According to the configuration of the above-mentioned embodiment, the bathtub becomes unusable after the "third time" of empty heating, and safety is greatly improved. To use it again, open the reset switch 24 and close it again to start the operation from the "0th time" dry firing state.

Effects of the Invention As is clear from the above embodiments, the present invention stores the number of times the temperature detector attached to the heat exchanger is operated, displays the number of times the temperature detector is attached to the heat exchanger, displays the number of times the temperature sensor is operated, and stops the combustion of the burner. Therefore, it is possible to reliably stop the heating after dry heating the specified number of times, and it is possible to realize a bath kettle, etc., which has the excellent effect of safely protecting the heat exchanger, etc. .
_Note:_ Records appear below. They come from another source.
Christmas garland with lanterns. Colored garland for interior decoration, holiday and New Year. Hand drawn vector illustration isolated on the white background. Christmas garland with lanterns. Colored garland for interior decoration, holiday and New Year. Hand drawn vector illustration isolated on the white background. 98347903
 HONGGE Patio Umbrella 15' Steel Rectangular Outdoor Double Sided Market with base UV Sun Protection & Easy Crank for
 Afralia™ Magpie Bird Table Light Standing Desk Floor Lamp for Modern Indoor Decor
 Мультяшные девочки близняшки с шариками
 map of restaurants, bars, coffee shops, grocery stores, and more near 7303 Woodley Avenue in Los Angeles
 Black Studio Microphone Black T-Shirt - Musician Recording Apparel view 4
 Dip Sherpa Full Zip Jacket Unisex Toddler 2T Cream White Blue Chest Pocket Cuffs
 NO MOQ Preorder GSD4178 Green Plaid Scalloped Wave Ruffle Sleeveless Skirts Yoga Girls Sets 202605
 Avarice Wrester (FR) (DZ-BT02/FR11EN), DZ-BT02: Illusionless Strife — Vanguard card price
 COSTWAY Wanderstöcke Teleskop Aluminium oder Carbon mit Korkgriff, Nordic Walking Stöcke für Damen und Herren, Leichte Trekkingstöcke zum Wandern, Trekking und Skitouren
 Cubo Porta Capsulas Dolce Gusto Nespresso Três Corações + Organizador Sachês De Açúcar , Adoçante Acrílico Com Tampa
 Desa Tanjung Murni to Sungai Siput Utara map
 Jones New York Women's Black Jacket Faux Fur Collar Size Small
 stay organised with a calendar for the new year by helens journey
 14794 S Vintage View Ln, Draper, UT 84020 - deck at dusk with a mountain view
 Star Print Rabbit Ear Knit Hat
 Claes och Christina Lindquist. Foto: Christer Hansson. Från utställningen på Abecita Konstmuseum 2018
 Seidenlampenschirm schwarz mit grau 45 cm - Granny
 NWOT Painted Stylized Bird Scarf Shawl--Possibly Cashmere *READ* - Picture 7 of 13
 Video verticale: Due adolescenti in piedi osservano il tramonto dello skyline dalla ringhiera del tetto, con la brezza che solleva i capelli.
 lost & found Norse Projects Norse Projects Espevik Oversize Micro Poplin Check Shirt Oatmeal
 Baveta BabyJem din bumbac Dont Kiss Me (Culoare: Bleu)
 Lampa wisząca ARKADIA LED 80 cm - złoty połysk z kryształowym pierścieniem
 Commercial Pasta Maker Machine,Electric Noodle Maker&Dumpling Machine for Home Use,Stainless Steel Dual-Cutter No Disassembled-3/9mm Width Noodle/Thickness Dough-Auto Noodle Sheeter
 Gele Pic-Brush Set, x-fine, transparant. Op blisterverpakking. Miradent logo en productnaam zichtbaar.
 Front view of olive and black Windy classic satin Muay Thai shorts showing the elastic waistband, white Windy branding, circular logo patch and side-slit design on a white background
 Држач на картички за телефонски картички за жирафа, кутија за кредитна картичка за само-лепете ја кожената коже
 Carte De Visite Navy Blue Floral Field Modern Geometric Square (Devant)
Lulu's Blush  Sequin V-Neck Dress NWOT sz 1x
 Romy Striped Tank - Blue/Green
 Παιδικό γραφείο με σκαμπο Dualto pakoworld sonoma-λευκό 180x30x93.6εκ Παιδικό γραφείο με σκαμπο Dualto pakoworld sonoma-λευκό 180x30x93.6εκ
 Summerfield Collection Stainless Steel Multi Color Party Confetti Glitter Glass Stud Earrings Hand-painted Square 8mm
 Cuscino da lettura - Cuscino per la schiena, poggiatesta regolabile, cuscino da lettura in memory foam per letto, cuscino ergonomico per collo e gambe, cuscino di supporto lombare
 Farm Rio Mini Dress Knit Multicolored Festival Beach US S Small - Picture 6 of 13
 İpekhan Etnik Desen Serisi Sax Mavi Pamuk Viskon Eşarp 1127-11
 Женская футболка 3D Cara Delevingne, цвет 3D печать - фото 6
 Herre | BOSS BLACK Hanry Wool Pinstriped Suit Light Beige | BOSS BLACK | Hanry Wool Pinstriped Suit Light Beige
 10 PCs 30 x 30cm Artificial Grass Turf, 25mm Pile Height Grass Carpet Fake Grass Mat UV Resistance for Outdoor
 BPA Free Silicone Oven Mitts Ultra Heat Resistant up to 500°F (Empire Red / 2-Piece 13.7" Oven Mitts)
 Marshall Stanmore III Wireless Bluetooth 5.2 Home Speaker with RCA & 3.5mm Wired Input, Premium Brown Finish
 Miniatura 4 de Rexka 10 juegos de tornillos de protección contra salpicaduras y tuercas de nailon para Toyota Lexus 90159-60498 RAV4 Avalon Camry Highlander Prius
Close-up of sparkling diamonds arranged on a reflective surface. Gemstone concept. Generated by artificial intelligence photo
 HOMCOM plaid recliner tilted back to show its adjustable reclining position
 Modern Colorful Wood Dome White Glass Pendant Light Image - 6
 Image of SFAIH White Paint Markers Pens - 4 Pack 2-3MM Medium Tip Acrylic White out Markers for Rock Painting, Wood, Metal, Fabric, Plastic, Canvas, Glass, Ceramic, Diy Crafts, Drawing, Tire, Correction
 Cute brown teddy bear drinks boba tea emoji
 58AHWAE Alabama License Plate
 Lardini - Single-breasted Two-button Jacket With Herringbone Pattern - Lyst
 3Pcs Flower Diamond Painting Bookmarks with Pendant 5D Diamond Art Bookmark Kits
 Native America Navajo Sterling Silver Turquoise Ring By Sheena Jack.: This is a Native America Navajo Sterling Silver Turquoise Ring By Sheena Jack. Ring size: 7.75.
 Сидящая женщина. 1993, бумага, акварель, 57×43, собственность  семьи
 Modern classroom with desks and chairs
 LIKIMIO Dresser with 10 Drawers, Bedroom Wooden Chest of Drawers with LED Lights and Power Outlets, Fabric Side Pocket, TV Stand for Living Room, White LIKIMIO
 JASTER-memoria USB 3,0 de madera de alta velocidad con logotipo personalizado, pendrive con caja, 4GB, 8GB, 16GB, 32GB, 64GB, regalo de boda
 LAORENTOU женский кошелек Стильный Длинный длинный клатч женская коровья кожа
[Brief explanation of the drawing]

Fig. 1 is a circuit diagram of a main part of a bath kettle control device according to an embodiment of the present invention, Fig. 2 is a diagram explaining the principle of the same temperature detector, and Fig. 3 is a configuration diagram of a bath kettle in which the same device is implemented. . 2... Burner, 3... Solenoid valve, 4...
... Heat exchanger, 5 ... Temperature detector, 6 ...
...Intake and exhaust fan, 7...Control device, 20
...Indicator light, 15...C0 for counter

Claims (1)

[Claims] A heat exchanger, a burner for heating this heat exchanger, a fan for intake and exhaust of combustion air and exhaust gas of this burner, a temperature detector attached to the heat exchanger, and operation of this temperature detector 1. A control device for a bathtub or the like, characterized in that it is equipped with means for detecting the number of operations, storing the number of operations, displaying a display when the number of operations exceeds a certain value, and stopping combustion of the burner.